After three years there, it came time to look for a job teaching and researching at another medical school because that was the expectation; that is what his graduate school mentors and most of post-doc friends had done.

“But I saw Hope’s ad for a biology opening, for a physiologist, and what caught my eye is it said they were strong in undergraduate research,” Barney recalls. “I thought I could see myself doing that. I really liked teaching as a graduate student so I thought again, ‘Well, maybe this would be good.’ The plan was to come to a place like Hope for a while and then move on to a big research university.”

But then on his visit as a candidate for the position, Barney saw the Hope community in action. Literally. Besides the inevitable tours of the campus and facilities as well as running the interview gauntlet, he was also taken to a faculty basketball game at the Civic Center. “And I thought, this is so cool. This is what they are actually doing together after a bio seminar. I could see myself being a part of that.”

Barney was impressed so he in 1980 he became part of the community himself.

And he stayed, of course, deciding to skip the earlier plan of moving on to a bigger university after a while. And the main reason why? “Hope students. Hope people. Hope community,” he lists.

Winnett-Murray credits Barney again with being a main cog in the workings of that Hope community. She notes that whether as chair of the department or as the director of biology’s NSF-funded Research Experiences for Undergraduates program, whether as a faculty representative on the Board of Trustees or the faculty moderator (he admits he knows the entire faculty handbook), or whether receiving multiple external grants and writing dozens of scholarly articles,  Barney has tackled every matter with the same attention to detail and considerate treatment each deserved.

“Chris took an already strong research heritage and very much turned it into a strong summer faculty-student research program with his mentorship,” described Winnett-Murray, professor of biology. “And he saw the importance of building a strong scientific community while doing it. He’d have students in his home, letting them see and share in his family life. He’d show students, ‘Here we are as people. Here’s how we integrate our life with our work.’ That is the community he helped create. Plus, he gets good science done while helping students find their callings. Chris is the full package.”
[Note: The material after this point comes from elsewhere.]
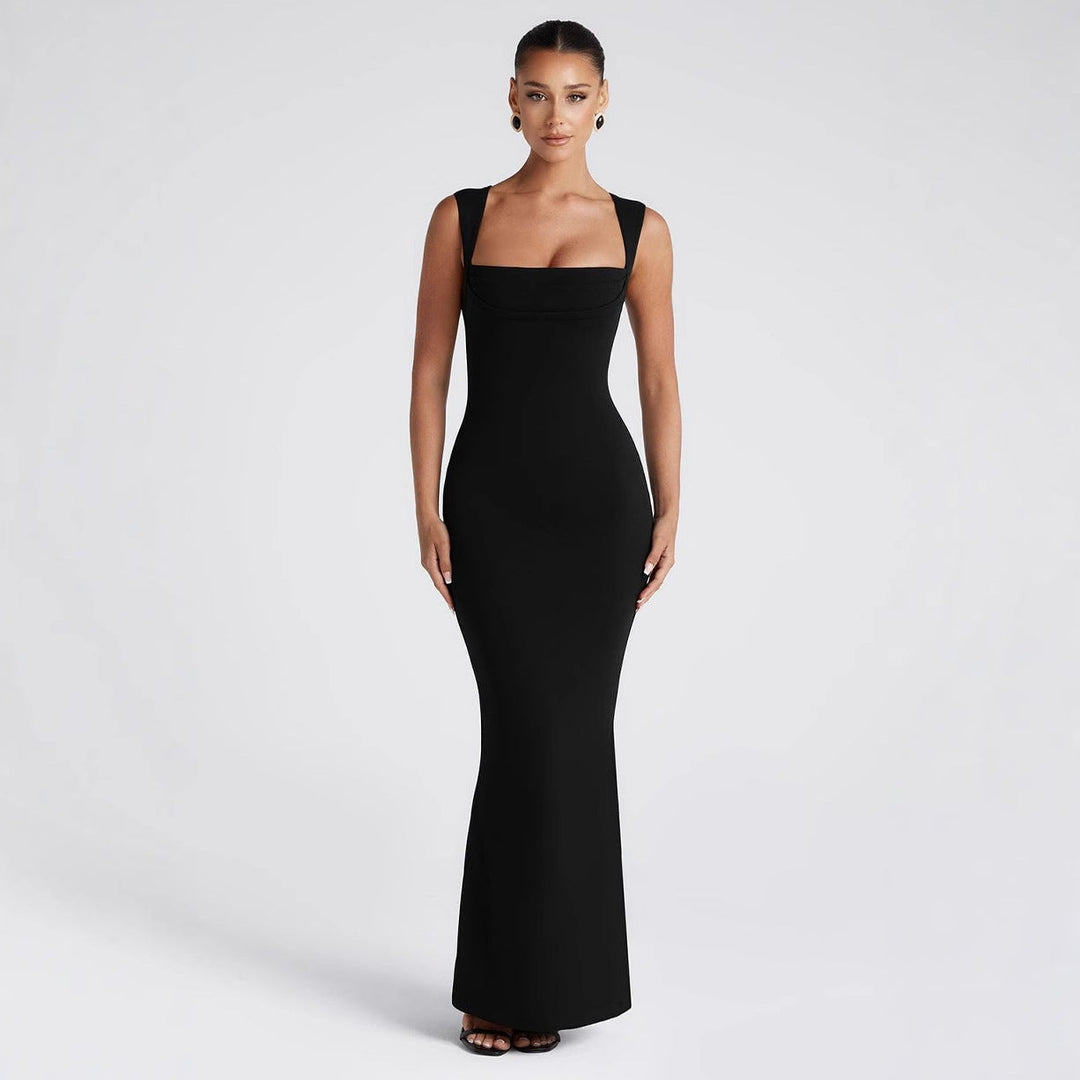 Damen Elegantes Langarm-Bodycon-Kleid mit quadratischem Ausschnitt und figurbetontem Schnitt Drune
With small figurines of Darwin, Einstein, Tesla, and Newton perched on shelves looking over his shoulder in that office that also harbors that insightful research sign, Barney’s playful nature is evident right alongside his sentimental one. His parents framed photo is there as are many of his wife, Julie, and children, Jeremy and Kara and their spouses, and granddaughter, Elena. Student and colleague pictures have their prominent places, but so does a small rendering of his favorite painting of all-time, A Sunday on La Grande Jatte by Georges Seurat. Not surprisingly, each item has its perfect, prioritized place in Barney’s well-ordered office community, too.  

In retirement, he hopes to read the many books he’s purchased over the last 20 years but hasn’t had time to read. He’ll help remodel his children’s homes. He also wants to continue to catalog scholarly articles written by bio department colleagues that go back as far as 1908.

The doer still has things to do and teams to build. Those Barney qualities could never really retire.